EXERCISE OBJECTIVE: Required from the data below: the exact lines starting at the line containing "Santa Prefers Bourbon" and ending at the line containing "Individual Journal Log", with both ends kept and all pictures dropped.

DATA EXTRACTS:

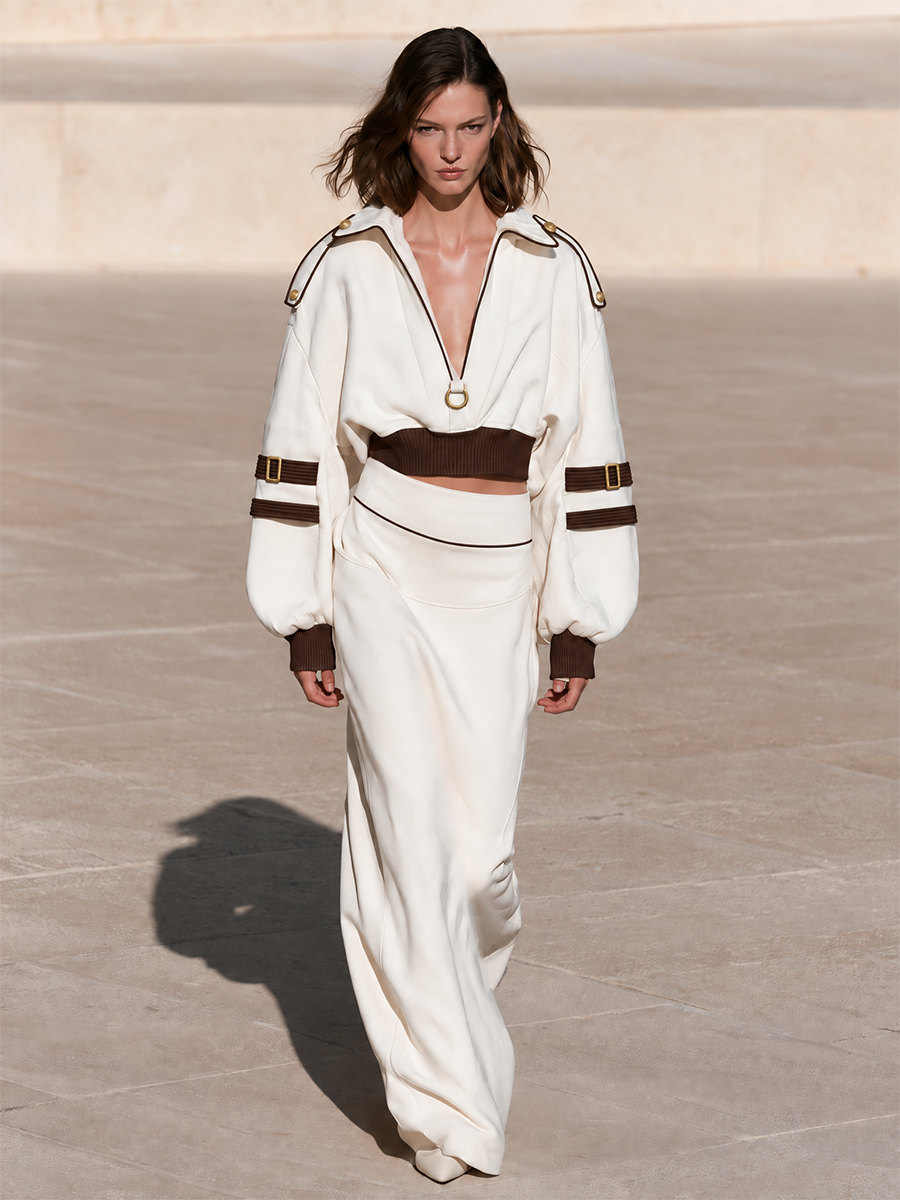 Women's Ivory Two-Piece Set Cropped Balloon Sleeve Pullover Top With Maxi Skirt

--

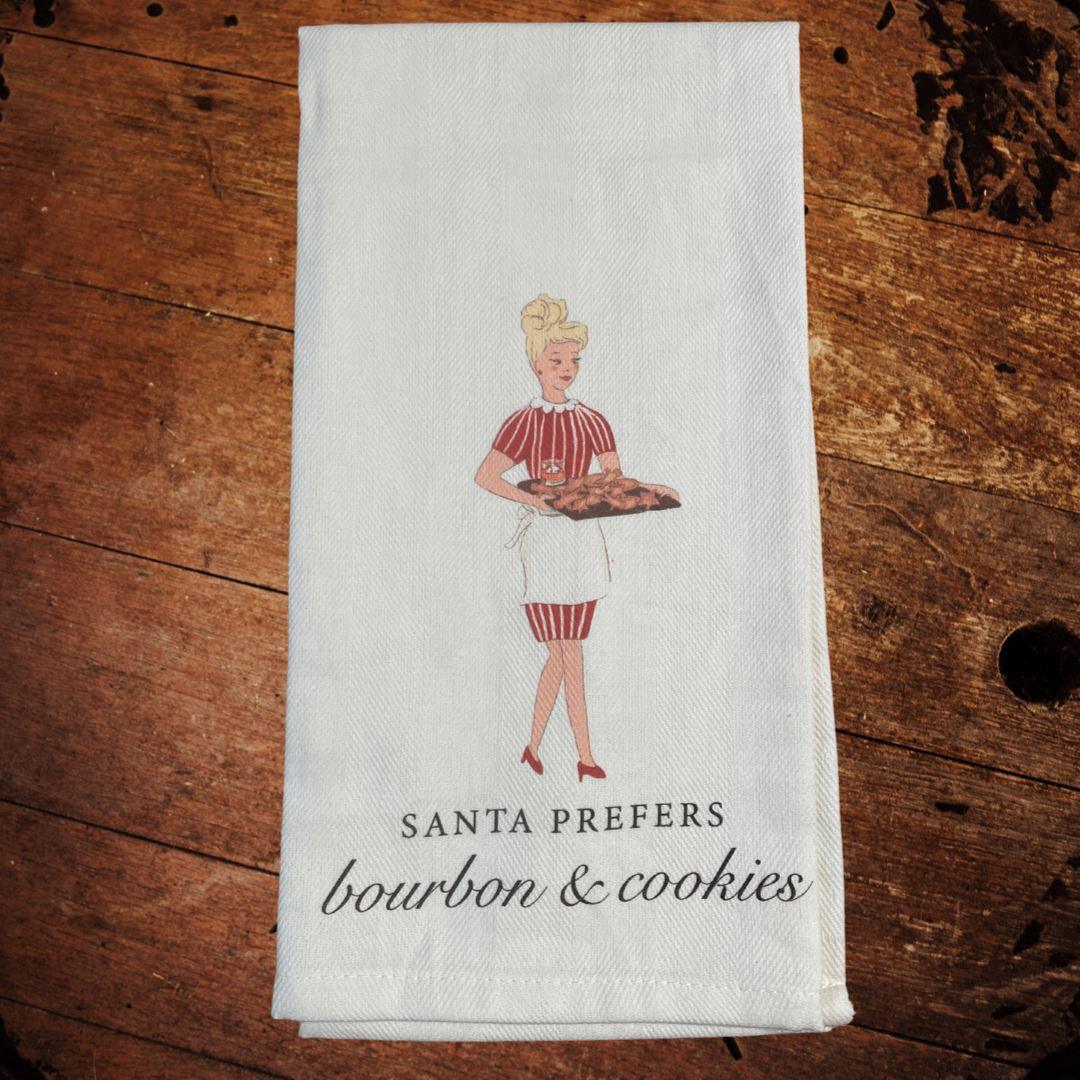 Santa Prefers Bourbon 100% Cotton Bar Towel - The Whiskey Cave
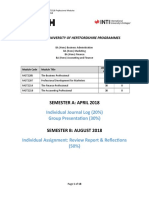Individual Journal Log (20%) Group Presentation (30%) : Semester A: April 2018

--

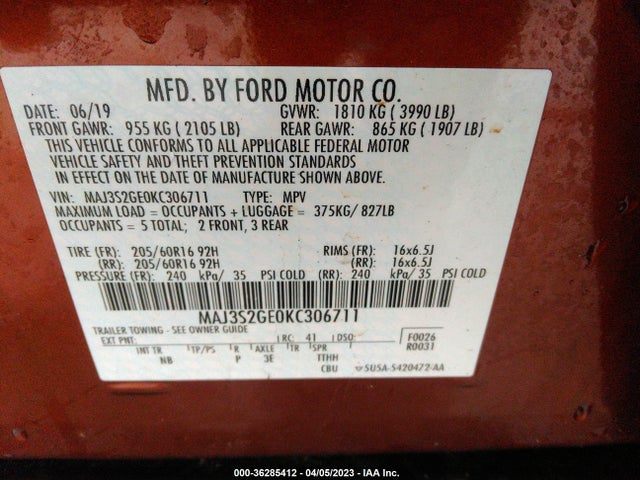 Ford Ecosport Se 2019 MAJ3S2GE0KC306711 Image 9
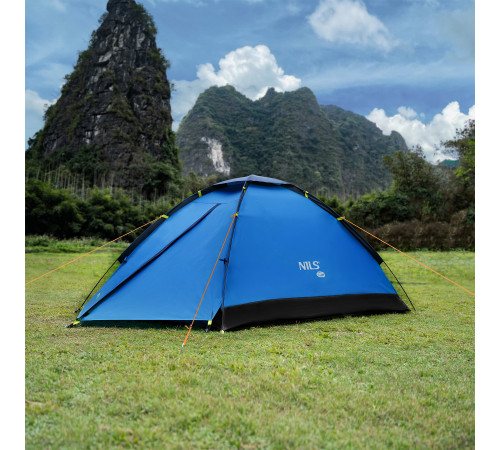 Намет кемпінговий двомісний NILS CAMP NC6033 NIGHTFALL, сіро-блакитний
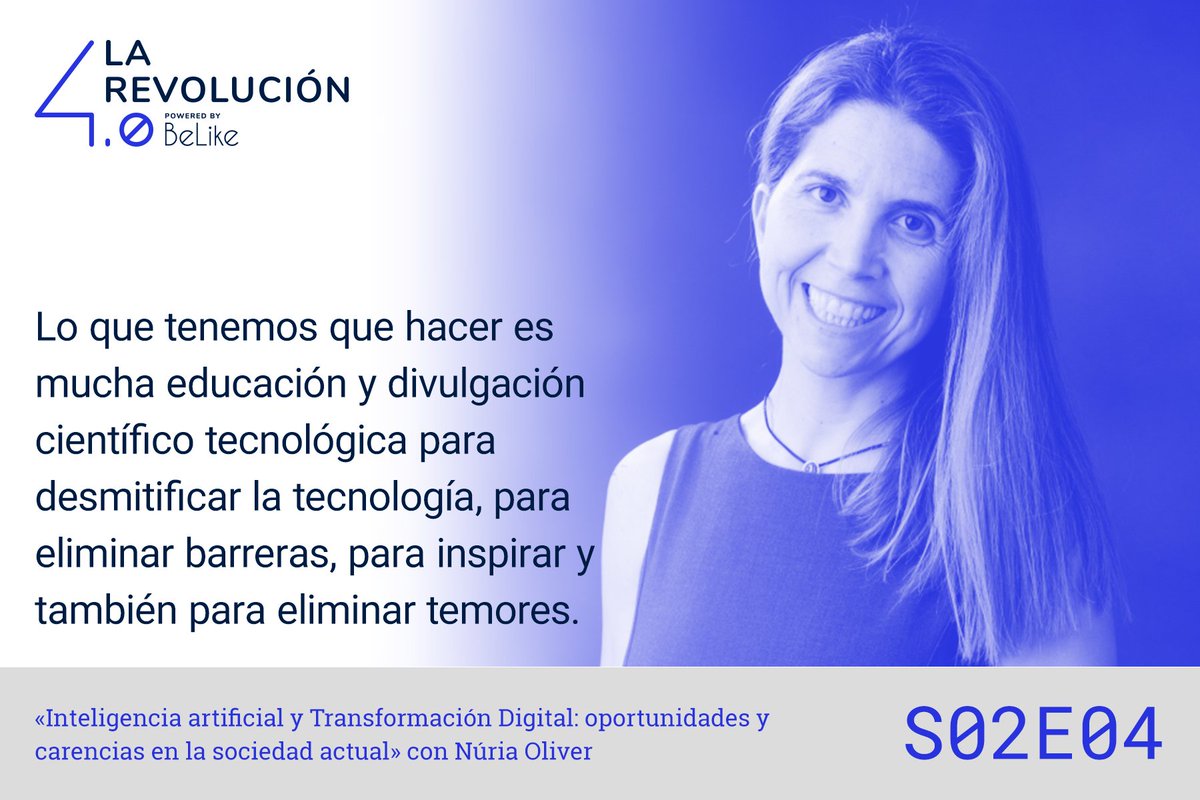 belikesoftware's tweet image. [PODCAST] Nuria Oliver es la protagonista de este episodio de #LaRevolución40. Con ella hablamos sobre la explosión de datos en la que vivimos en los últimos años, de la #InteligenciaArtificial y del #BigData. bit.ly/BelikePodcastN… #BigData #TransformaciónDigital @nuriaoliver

OUTPUT FOR THIS EXERCISE:
 Santa Prefers Bourbon 100% Cotton Bar Towel - The Whiskey Cave
Individual Journal Log (20%) Group Presentation (30%) : Semester A: April 2018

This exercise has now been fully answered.